> _Extracted material_

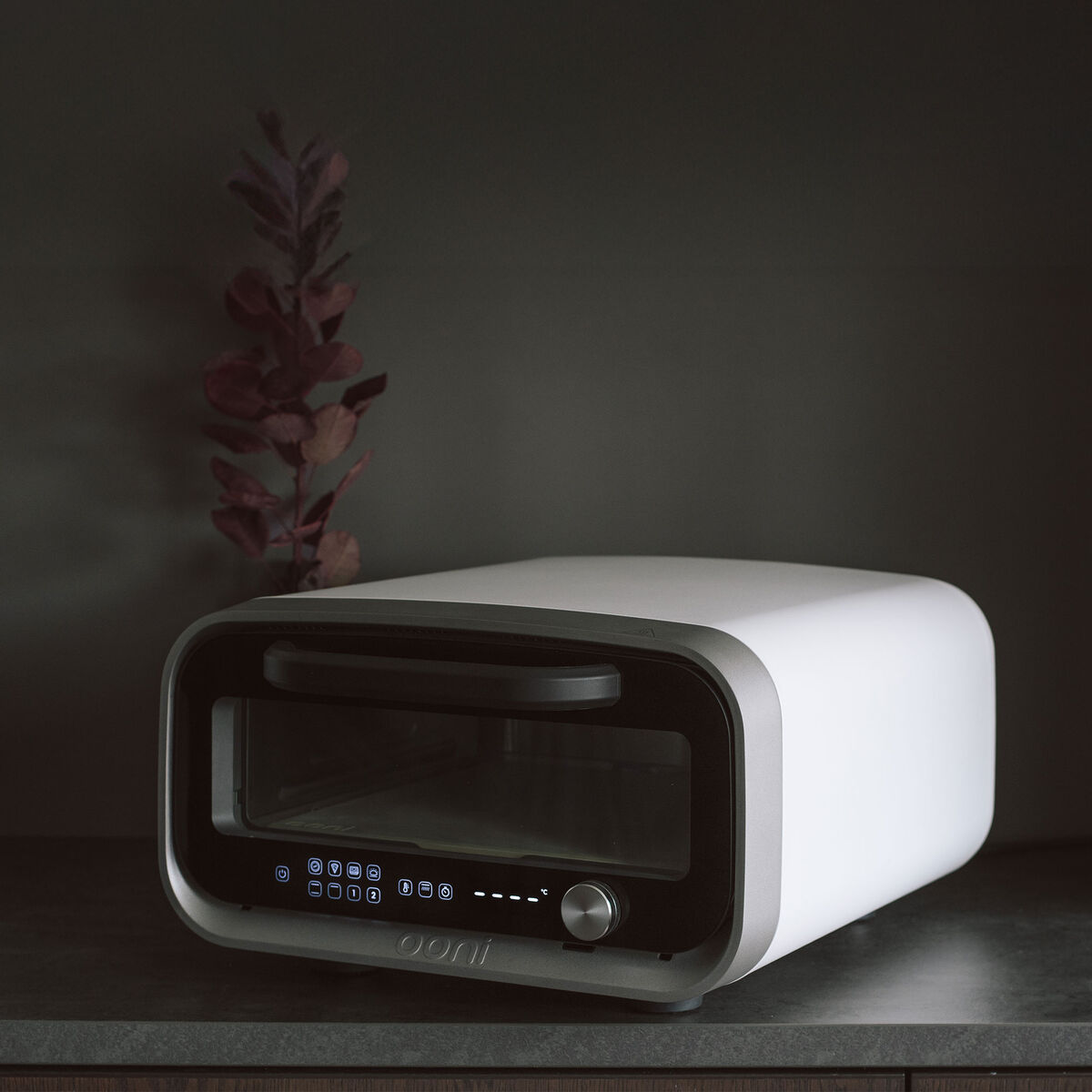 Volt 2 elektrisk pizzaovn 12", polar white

---

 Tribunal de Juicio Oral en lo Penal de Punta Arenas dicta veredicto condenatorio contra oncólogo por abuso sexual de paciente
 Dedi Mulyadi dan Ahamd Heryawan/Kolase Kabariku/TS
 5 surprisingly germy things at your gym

* * *

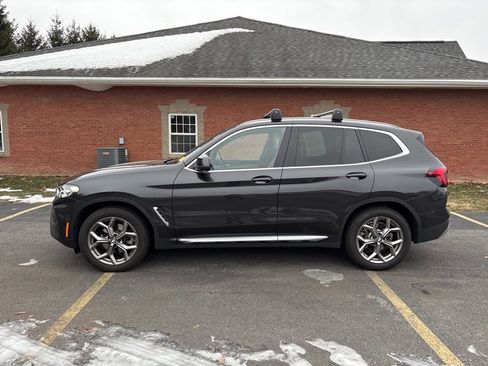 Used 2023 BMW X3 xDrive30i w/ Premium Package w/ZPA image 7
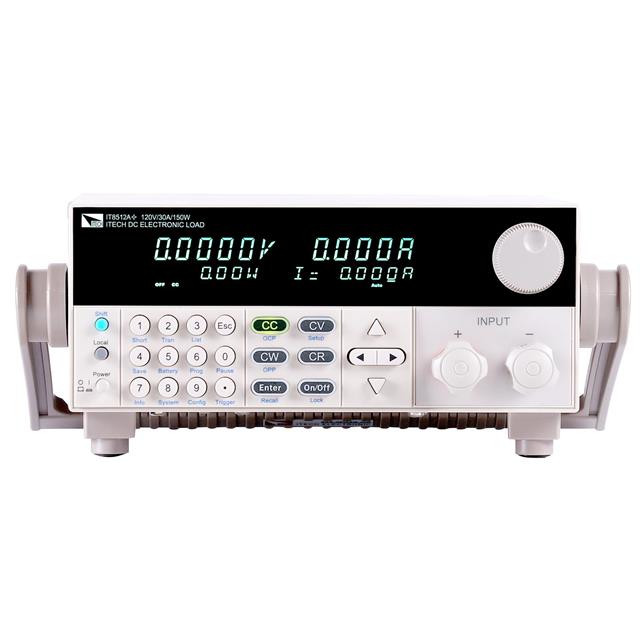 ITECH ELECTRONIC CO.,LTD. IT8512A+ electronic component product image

> _Problem requirements_
In the listing above, transcribe exactly everything from the line containing "Dedi Mulyadi dan" down to the line containing "5 surprisingly germy things at your gym", including both and nothing more.

> _Written answer_
 Dedi Mulyadi dan Ahamd Heryawan/Kolase Kabariku/TS
 5 surprisingly germy things at your gym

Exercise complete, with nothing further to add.